In order to overcome the drawback associated with iron sludge production, Reis et al. [42] analysed the combination between the Fenton’s process and the ion exchange to recover iron. The Fenton’s process was able to remove up to 81% of the COD of OMW in 1 h, using pH 3.5, [Fe2+] = 50 mg/L, and [Fe2+]/[H2O2] = 0.002 (w/w). Lewatit TP207 resin removed 90% of the iron from the Fenton’s treated stream. Moreover, its efficiency was independent of the load of organic matter in the wastewater. Furthermore, even for large amounts of dissolved iron, it was possible to adapt the ion exchange operating conditions (e.g., increasing the quantity of resin) to maintain the desired efficiency of iron removal. Thus, this sequential treatment seems to be an interesting approach to avoid the formation of iron sludge after Fenton’s treatment. Also, Víctor-Ortega et al. [43] concluded that a Dowex Marathon C-cation exchange resin is able to recover iron from Fenton’s treated OMW. However, in this case, sludge production was not avoided, as the ion exchange was only applied to remove the dissolved iron remaining after the sludge precipitation.
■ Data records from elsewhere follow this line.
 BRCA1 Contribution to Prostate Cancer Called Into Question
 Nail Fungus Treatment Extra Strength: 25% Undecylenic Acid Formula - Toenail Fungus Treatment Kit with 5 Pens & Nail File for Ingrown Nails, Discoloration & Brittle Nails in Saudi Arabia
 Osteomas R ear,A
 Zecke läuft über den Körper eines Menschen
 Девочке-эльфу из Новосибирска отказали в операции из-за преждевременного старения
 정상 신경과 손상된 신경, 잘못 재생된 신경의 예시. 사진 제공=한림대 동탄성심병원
The ion exchange column was able to recover 100% of the iron, even after 10 complete cycles. The treated OMW shows qualities for being used as irrigation water, according to the Food and Agriculture Organization (FAO) when considering the resulting salinity.
The performance of nanofiltration (NF; using DK series membrane) and low-pressure reverse osmosis (RO; AK series membrane) was evaluated for recovering iron from OMW after Fenton’s treatment. Up to 99.1% and 100% of the iron recovered was obtained using NF and RO, respectively [44]. The concentrate could be redirected to Fenton’s reactor minimizing the catalyst waste. Moreover, the permeate was able to be reused for irrigation. With NF, it was possible to obtain a lower membrane fouling index, which means that longer membrane lifetimes are expected. as well as lower filtration areas.
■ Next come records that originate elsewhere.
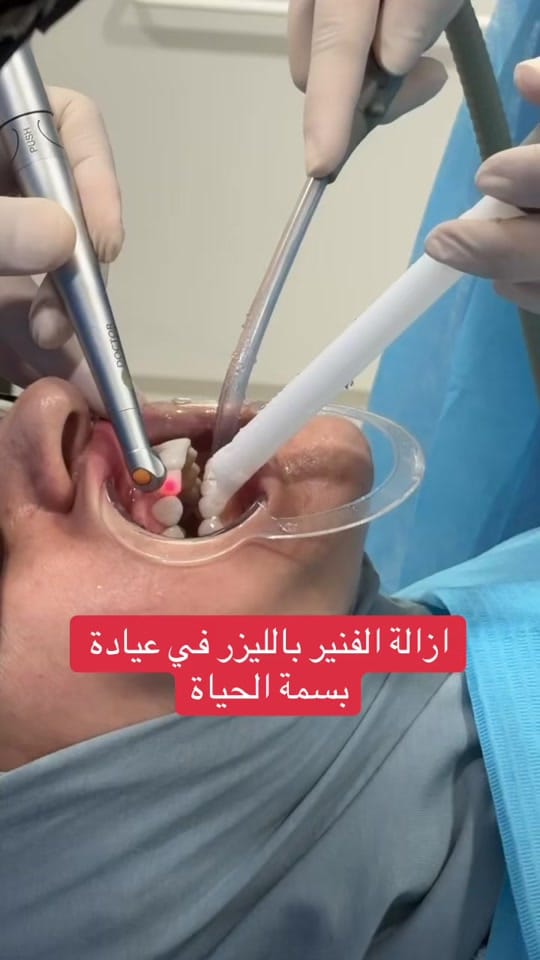 Post 1 by مركز بسمة الحياة الطبي on TikTok (video)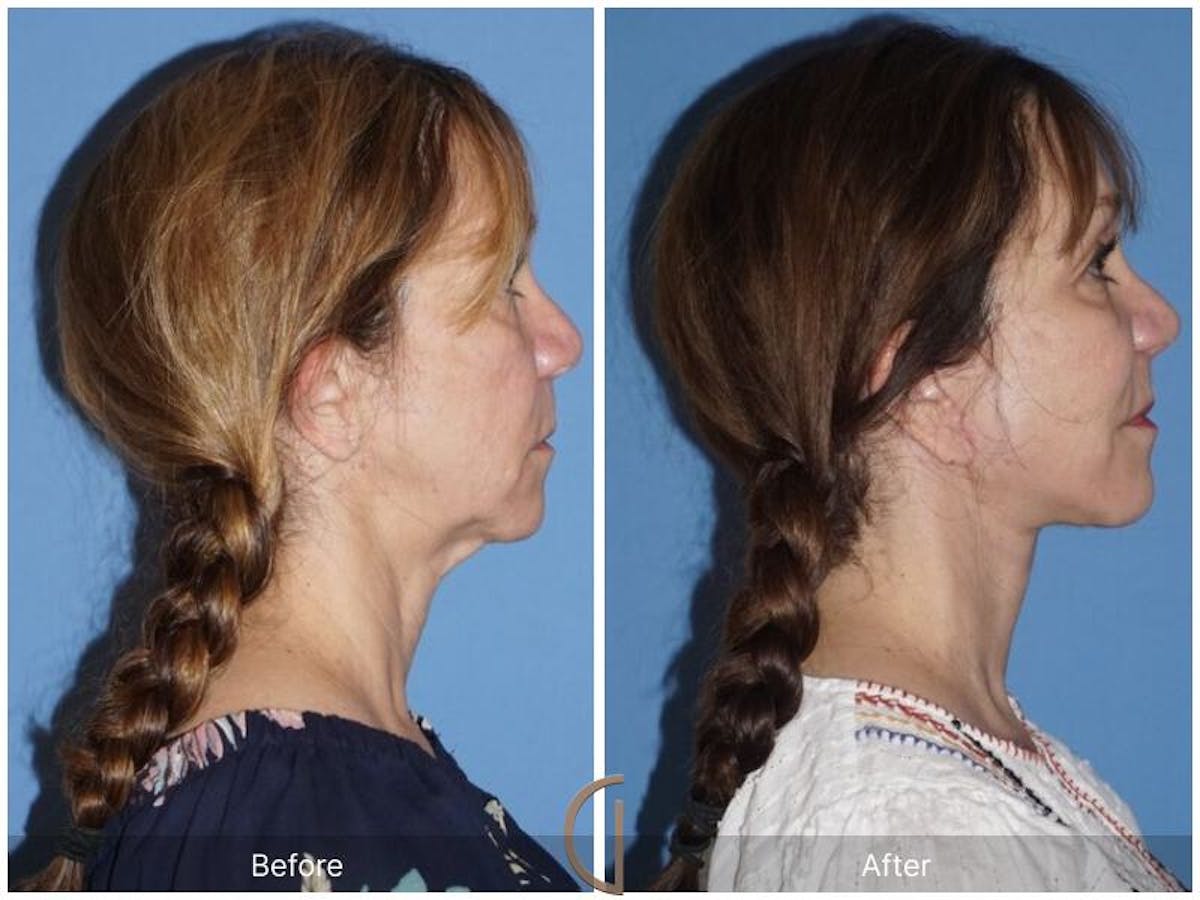Facelift 50s Before & After Gallery - Patient 312979 - Image 3
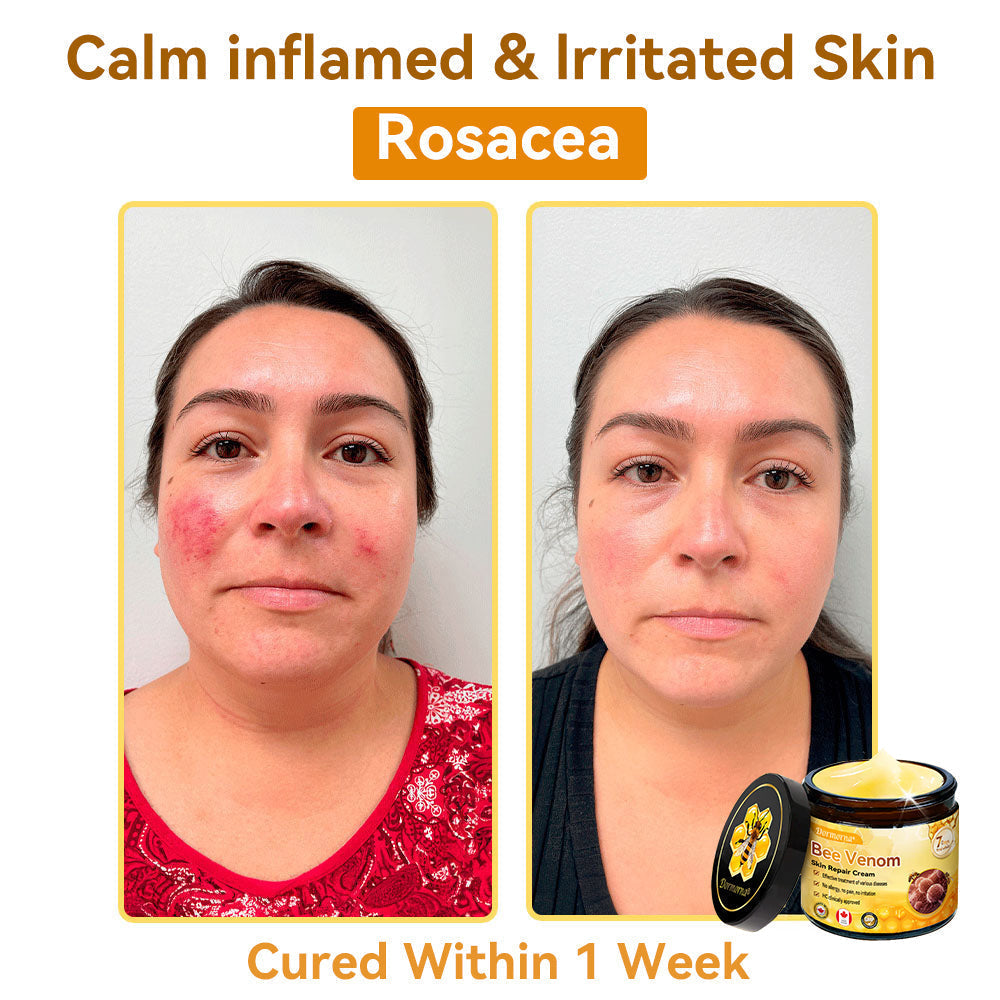 𝐃𝐨𝐫𝐦𝐨𝐫𝐧𝐚®💧Bee Venom Repair Cream (Anti-aging, deep hydration, skin repair, even skin tone, acne and dark spot treatment, removal of warts and moles, and psoriasis relief)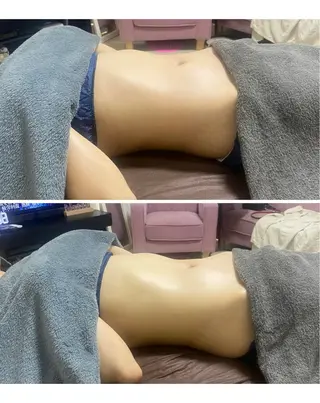 セルライトクラッシュ ＆腸もみ＋骨盤矯正のその他イメージ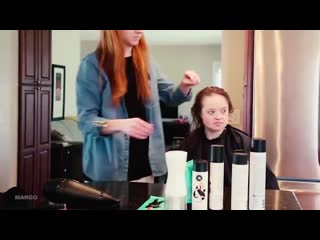 Синдром дауна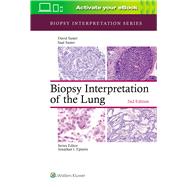 Biopsy Interpretation of the Lung by Suster, Saul; Suster, David, 9781975136581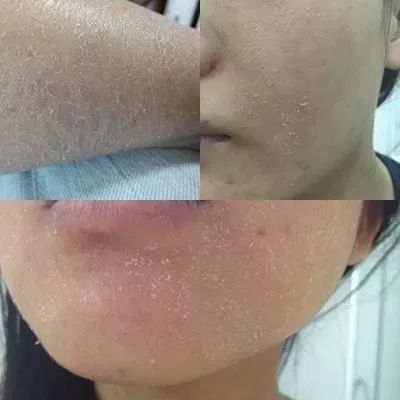 螨虫在脸上爬好不好,螨虫爬过的东西还能用吗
Despite these interesting results, recovered iron recycling for Fenton’s catalyst must be still evaluated. This is an important point, for example, Qiang et al. [45] and Li et al. [46] tested the possibility of directly reusing the iron sludge coming from Fenton’s process as a catalyst for this treatment. However, even if high COD removal was obtained, the treated effluent conductivity increased very much because of the high amount of acid used for iron dissolving. Martins et al. [47] verified that the final sludge could be reused without being previously dissolved, even if only by a limited number of times. Table 2 summarizes some of the studies reporting the homogeneous Fenton process in the treatment of OMW.

3. Heterogeneous Fenton

The use of suitable solid catalysts can overcome the sludge generation shortcoming of the Fenton’s process. Moreover, this would allow for catalyst recovery and reuse, which would reduce the operating costs. Furthermore, another drawback of homogeneous Fenton is related with iron solubility. In this context, acid conditions are generally required to ensure iron solubilisation. Moreover, after treatment, alkalinisation of the medium is necessary in order to promote iron separation. Whereas in heterogeneous Fenton, a pH change may not be required, so savings can be obtained by this procedure.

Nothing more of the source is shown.